Deerflies are the ubiquitous summertime nemesis of animals and people. These biting flies will swarm about your head, finally landing on your neck to inflict a large, painful bite. Some anglers use deerfly strips, sticky rectangles of paper that attach to the back of your hat. Deerflies land on this strip and are trapped. Deer and moose are sometimes driven to distraction by deerflies. The frenzied animals are often struck on Maine highways after running out on the road to escape deerflies.

Maine’s coastal residents are familiar with the pesky greenhead fly. These look like houseflies, but are decked out in a shiny, emerald green. Greenheads, like deerflies, inflict nasty bites. In fact, greenheads can bite through some clothing. Greenheads are found along beaches and in salt marshes, and will often follow boats over the open ocean.

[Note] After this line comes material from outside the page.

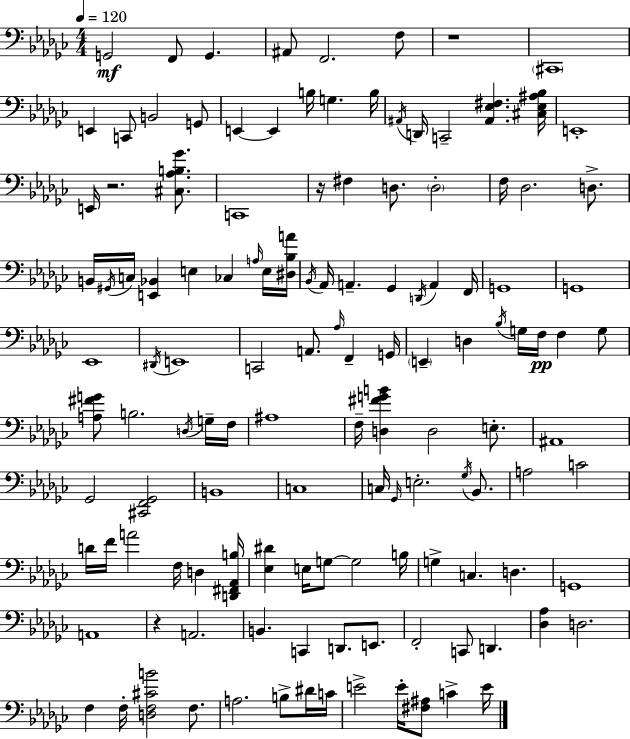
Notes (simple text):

G2/h F2/e G2/q. A#2/e F2/h. F3/e R/w C#2/w E2/q C2/e B2/h G2/e E2/q E2/q B3/s G3/q. B3/s A#2/s D2/s C2/h [A#2,Eb3,F#3]/q. [C#3,Eb3,A#3,Bb3]/s E2/w E2/s R/h. [C#3,Ab3,B3,Gb4]/e. C2/w R/s F#3/q D3/e. D3/h F3/s Db3/h. D3/e. B2/s G#2/s C3/s [E2,Bb2]/q E3/q CES3/q A3/s E3/s [D#3,Bb3,A4]/s Bb2/s Ab2/s A2/q. Gb2/q D2/s A2/q F2/s G2/w G2/w Eb2/w D#2/s E2/w C2/h A2/e. Ab3/s F2/q G2/s E2/q D3/q Bb3/s G3/s F3/s F3/q G3/e [A3,F#4,G4]/e B3/h. D3/s G3/s F3/s A#3/w F3/s [D3,F#4,G4,B4]/q D3/h E3/e. A#2/w Gb2/h [C#2,F2,Gb2]/h B2/w C3/w C3/s Gb2/s E3/h. Gb3/s Bb2/e. A3/h C4/h D4/s F4/s A4/h F3/s D3/q [D2,F#2,Ab2,B3]/s [Eb3,D#4]/q E3/s G3/e G3/h B3/s G3/q C3/q. D3/q. G2/w A2/w R/q A2/h. B2/q. C2/q D2/e. E2/e. F2/h C2/e D2/q. [Db3,Ab3]/q D3/h. F3/q F3/s [D3,F3,C#4,B4]/h F3/e. A3/h. B3/e D#4/s C4/s E4/h E4/s [F#3,A#3]/e C4/q E4/s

All of Maine’s insect pests can be thwarted by applying insect repellent containing diethyl toluamide (DEET). Different brands contain varying percentages of DEET. The stronger the concentration, the more long-lasting the effect. DEET does have a few drawbacks. It is harmful to some finishes, especially those found on fishing rods and fly lines. Additionally, DEET can eat into some plastics. Make it a practice to wash your hands with soap and water after applying insect repellent, especially before handling your fishing tackle.

Some persons are fearful of the chemicals in standard insect repellents, so they choose natural repellents. These usually contain oil of citronella and pennyroyal. Others choose to protect themselves in a different way. Two-piece mesh suits will give full body protection. Sometimes, an insect headnet is all you need to keep bothersome bugs at bay. The choice is yours.